7/26/2011 5:55:40 AM
alphanimal
Posts: 62
|
Hi!
We are using RDM with a SQL Server and have Offline Mode enabled.
Is there a way to protect the database (the credentials specificly) from being accessed without entering a password or authenticating with some other method (Kerberos ...)?
Is the data that is stored in offline mode encrypted somehow?

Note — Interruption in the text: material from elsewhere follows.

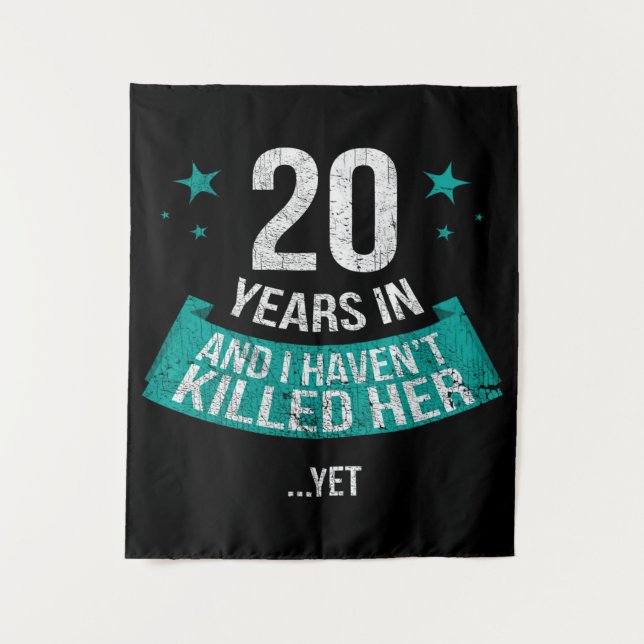Tenture 20 ans anniversaire du mariage | tapestr cadeau de (Devant)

What can we do to secure the database, if a computer gets stolen or is accessed by the bad guys (hacked?) in some way?
thanks!
|
|
0
• permalink
|
7/28/2011 10:01:45 PM
james_burd
Posts: 5
|
I believe that even most of the data stored in the database is encrypted. I think what would work here (and I have suggested) is an offline expiration policy. That way if the computer is lost\stolen the offline mode would expire and become unusable unless they could connect to the SQL server again. He has agree'd to add the expiration policy but I am not sure when.
|
|
0
• permalink
|
7/29/2011 2:12:14 AM
alphanimal
Posts: 62
|
I believe that even most of the data stored in the database is encrypted.
To protect the data in the database, it helps to not save the SQL Server password in the data source, so the user has to enter it every time.
The problem is Offline mode. If I can open the database without even entering a password, its not safe really.
IMO all locally stored data (including data source configuration, which includes a password, too) should be encrypted using a key entered by the user, which he must enter every time the program is launched.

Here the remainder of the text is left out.